Listen, I know people with kids want to go out and have drinks with their friends. And they should! Parents are people, too. They are now just people who come with other, smaller people. You can even bring your kid to the bar (as long as you don’t allow them to run around, throw things, and scream). Basically, just be a parent the same as always. Meaning, continue to parent. Having a beer in your hand does not mean all your parental responsibilities are gone unless you have left your kids with a sitter (who you are paying a reasonable hourly wage). In that case, have at it! But either way, leave your stroller at home! There’s no excuse really. They now have all sorts of baby backpacks, baby wrap things, baby front-of-the-body-carrying things. All those things are great! Bring those things! Just don’t bring the strollers. Or the attitude. Although to be fair there isn’t a sign on the door banning that.
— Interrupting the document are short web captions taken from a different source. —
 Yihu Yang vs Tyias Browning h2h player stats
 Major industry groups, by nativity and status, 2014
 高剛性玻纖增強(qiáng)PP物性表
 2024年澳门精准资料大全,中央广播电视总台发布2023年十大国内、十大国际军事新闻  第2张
Tip #21 on Being a Good Bar Customer

28 Mar

Wow you guys. I haven’t written one of these since this one back in August of 2016, and that one included positive reinforcement. I know they were a popular part of my blog, but almost getting fired over writing them sort of took the shine off the whole thing, you know? Well, whatever. That was then and this is now. And I still don’t actually think I did anything wrong, as long as you don’t consider hurting the feelings of a couple of arrogant, misogynist assholes “something wrong.” I certainly don’t. So, that being said, let us continue.
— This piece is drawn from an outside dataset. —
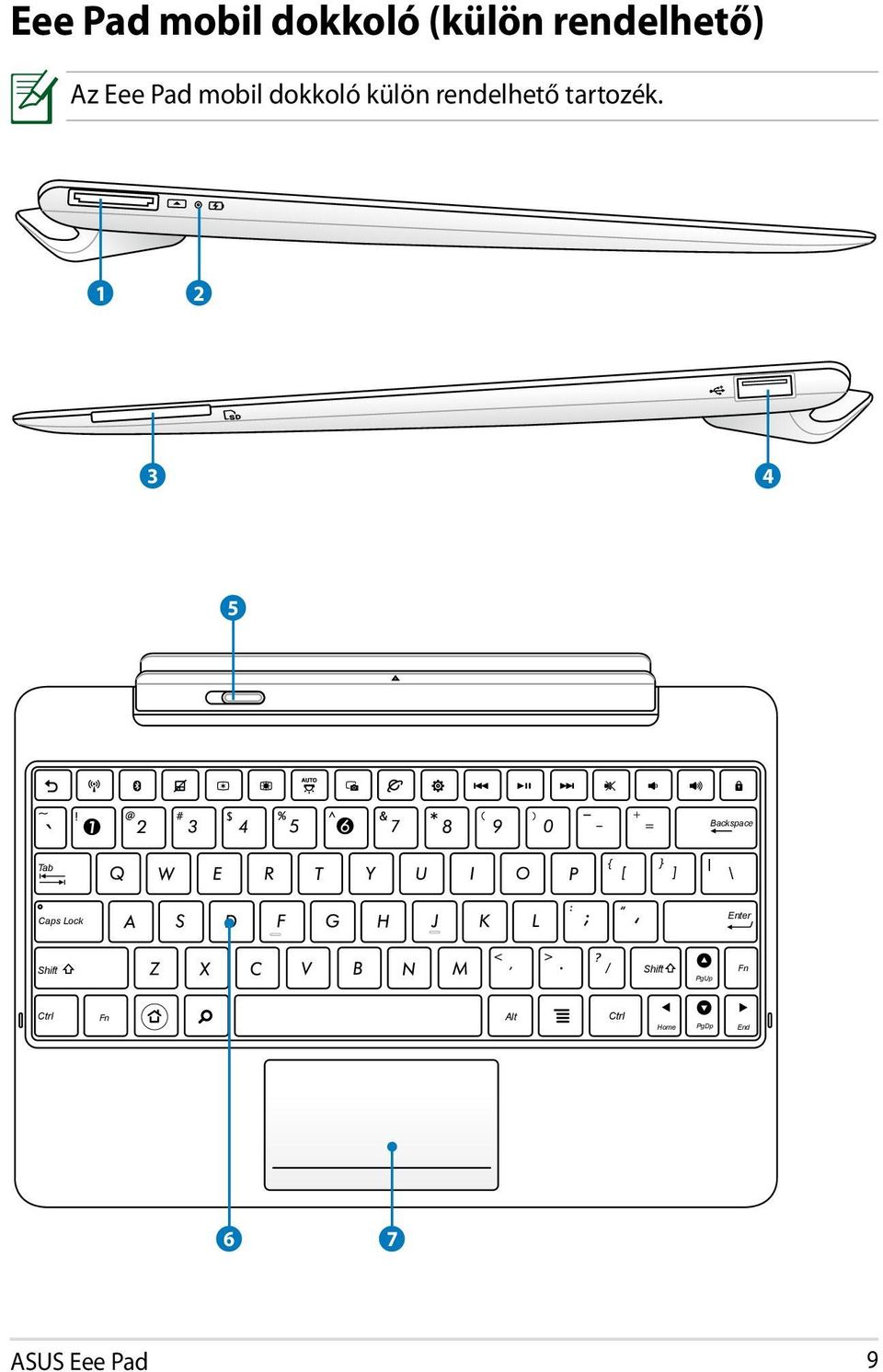 1 2 3 4 5 Backspace Tab Caps Lock Enter Shift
So this post is a lot less about someone actually doing something awful and a lot more about one of my biggest pet peeves as a bartender. And it’s not just me! I did a (very limited) survey of some of the bartenders that I know and discovered that this is a pet peeve shared by all two of them! So I will extrapolate this data and apply it to all other bartenders and voila! I declare this pet peeve universally held. What is the pet peeve, you may ask? Let me tell you a little story.
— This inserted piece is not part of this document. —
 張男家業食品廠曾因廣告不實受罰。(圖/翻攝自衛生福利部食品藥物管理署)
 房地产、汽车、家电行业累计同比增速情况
So there I am, behind the bar. A new customer walks in. I greet him with a peppy(ish)

Hey! How are you?

as I reach over, grab a coaster and toss it in front of him. He replies that he is okay, takes his phone out of his pocket, puts it down, takes his seat and orders his drink. I make the drink, engaging in polite conversation as I do it. But then when I return to his seat and make a move to put his drink on the coaster that I have placed in front of him in preparation for this exact moment I realize it’s gone. But I swear that I put it there. I always put down a coaster. That’s part of the whole steps of service thing that I am so accustomed to. So where could it be? And then I see it: his phone. He has put it on the coaster. And I am immediately reminded of the hundreds and hundreds of times this exact scenario has played itself out over the past decade and change during which I have occupied space behind the stick.

And I am left wondering, why? Why do people do this? Do they have coasters on their coffee tables that they use as resting places for their phones while they watch TV, placing their beer or whisky on the rocks directly on the wood, potentially leaving a ring? Do they always have two coasters present, one for the phone and one for the drink, just so that their phone doesn’t some how feel less welcome? Do they enjoy constantly wiping up small puddles of condensation that has accumulated on their surfaces? Is this just a small expression of their concern for the environment, and their worry of our ever-expanding landfills and its effects on the planet that we call home? Am I missing something?

I am also left standing there with a prepared drink and no pre-placed (and available) coaster upon which to place it. What is a bartender to do? Well, there are a number of different possible next steps.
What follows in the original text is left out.